Traveling small


In thinking about the reasons why we travel, it strikes me how different our reasons for travel are today versus in the past. We travel mostly for work or for pleasure these days. As a result, our scope of thinking about travel has narrowed. The noble quest that consumed months or years of one’s life has become more of a vagabond’s wanderings. The pilgrimage that cost us more than just the extended time of being on the road has been reduced to a one to two week missions trip or volunteer vacation.

So just as I was thinking that we’ve lost the “bigness” of travel, the epic or heroic nature of it, I came across this short blog post on Spain-based photographer Alejandro Ferrer Ruiz’s exquisite macro (close-up) photography. In this case, it’s a visual essay on ladybugs in the rain.

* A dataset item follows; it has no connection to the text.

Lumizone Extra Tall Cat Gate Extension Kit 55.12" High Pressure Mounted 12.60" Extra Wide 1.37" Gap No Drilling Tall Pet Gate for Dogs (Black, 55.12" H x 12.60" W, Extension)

These beautiful images remind me, once again, that beauty and wonder and discovery are all about us. We don’t always have to go far or even go “big.” Sometimes much of what we travel for lies in the small revelations that are ours to experience if we have but eyes (or in this case, the photographic lens!) to see them.

I don’t want to give up on the big quests. I think we need such journeys to pull us out of ourselves and become more than we are currently. But those big trips tend to be few and far between. In the meantime, we can learn to see – and appreciate – the small journeys available right where we live.